Practice based research, currently in progress at the Information Experience Design department of the Royal College of Art, on a scholarship from Microsoft Research Cambridge, UK.
Supervisors: Kevin Walker (RCA), Richard Banks (Microsoft)
Working title and abstract:
This PhD thesis investigates diagrams as a language for research and practice to critically investigate algorithmic prediction. My practice-based research uses this language to read algorithmic prediction as a set of intricate computational geometries, and to write it through critical practice immersed in the very materials in question: data and code. I frame this with a methodology informed by media archaeology, specifically through the notion of excavation from the technical and historical "depths" of algorithmic systems.

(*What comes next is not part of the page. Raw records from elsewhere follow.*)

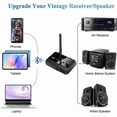 thumbnail image 3 of Bluetooth Adapter for Stereo Receiver-Audio Adapter for Stereo System, 3 of 5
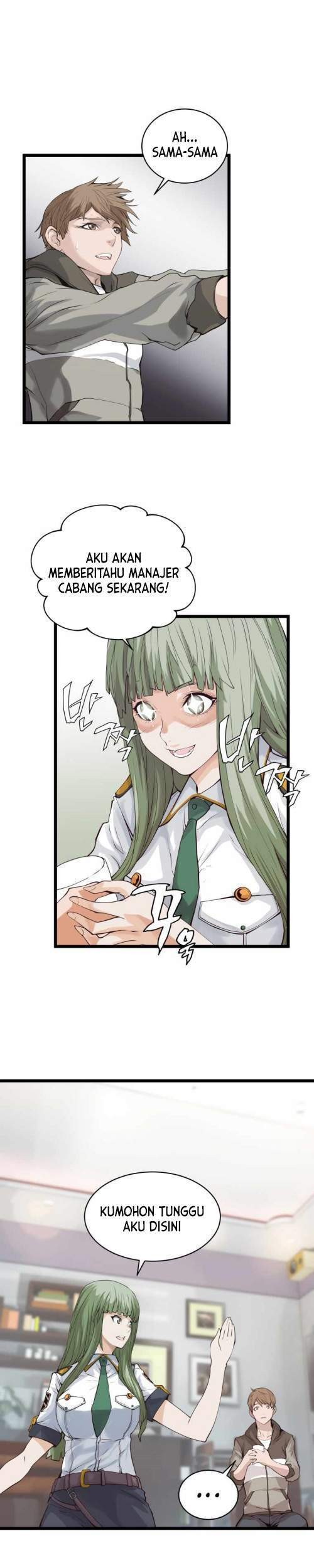 The Undefeated Ranker chapter 11 halaman 17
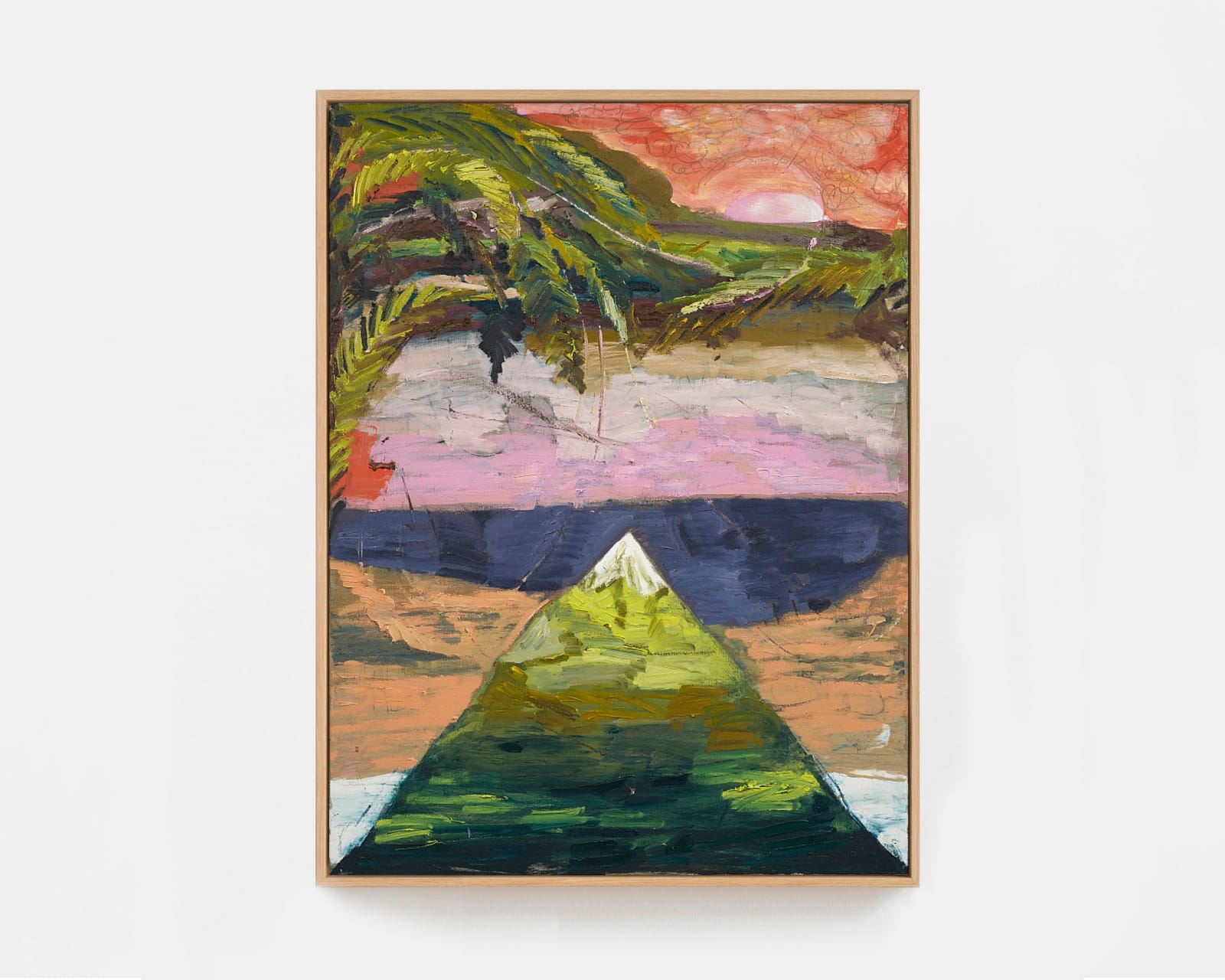 Ken Taylor Reyanga, Paraiso, Oil on canvas, Brigade Gallery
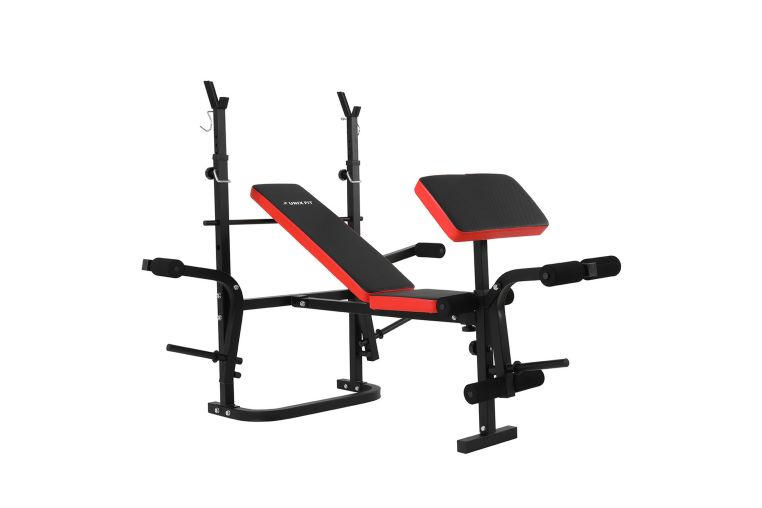 Скамья силовая со стойками UnixFit BENCH 120P BSBN120P 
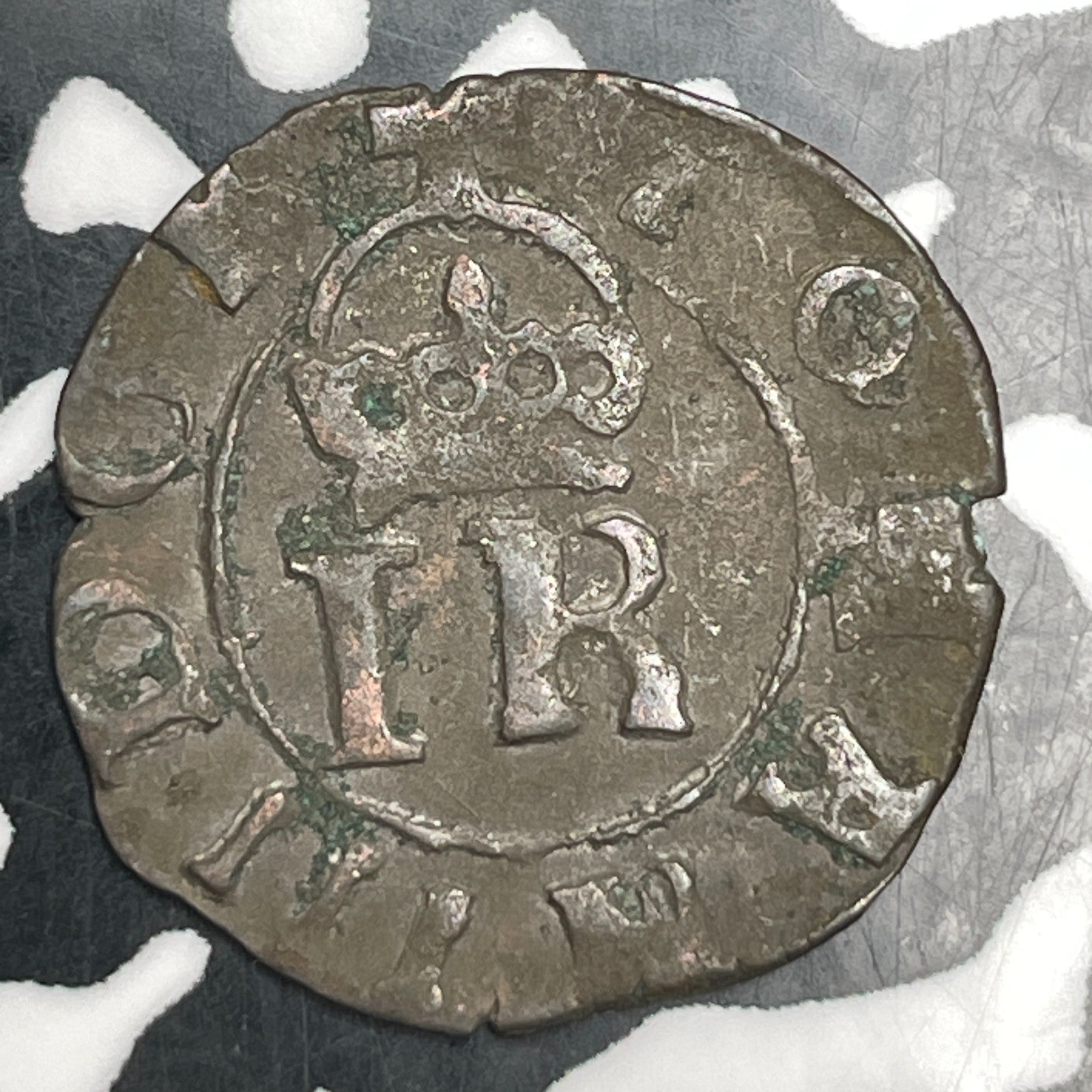 (1568-1592) Estonia Johann III 1 Schilling Lot#F6496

I explore how diagrams can be used as a language to critically investigate algorithmic prediction through design practice, with two secondary research questions:
Through which mechanisms does thinking/writing/designing in diagrammatic terms inform research and practice focused on algorithmic prediction?
As algorithmic systems claim to produce objective knowledge, how can diagrams be used as instruments for speculative/conjectural knowledge production?
This research is contextualised by three registers of relations between diagrams and algorithmic prediction. Data diagrams describe the algorithmic forms and processes through which data are turned into predictions. Control diagrams afford critical perspectives on algorithmic prediction, framing the latter as an apparatus of prescription and control. Speculative diagrams open up opportunities for reclaiming the generative potential of computation.
I demonstrate uses of diagrams as a language in three practice chapters, each focusing on one diagrammatic form. With the case board I unpack some of the historical genealogies of algorithmic prediction, with a purpose-built application that materialises broader reflections about how such genealogies might be conceptualised, facilitating a visual and subjective mode of knowledge production. I then move to producing traces, namely probing the output of an algorithmic prediction system—in this case YouTube recommendations. Traces, and the purpose-built instruments used to visualise them, interrogate both the mechanisms of algorithmic capture and claims to make these mechanisms transparent through data visualisations. Finally, I produce algorithmic predictions myself, and examine the diagrammatic "tricks," or chicanes, that this involves. I revisit a historical prototype for algorithmic prediction, the almanac, and use it as a site to question the boundaries between data science and divination. This is materialised through a new version of the almanac—an automated publication where the tools of algorithmic prediction are used as part of divinatory rationalities.
My original contribution to knowledge is an approach to practice-based research which draws from media archaeology and focuses on diagrams, to investigate algorithmic prediction through design practice. I demonstrate to researchers and practitioners with interests in algorithmic systems, prediction, and/or speculation, that diagrams can be used as a language to engage critically with these themes.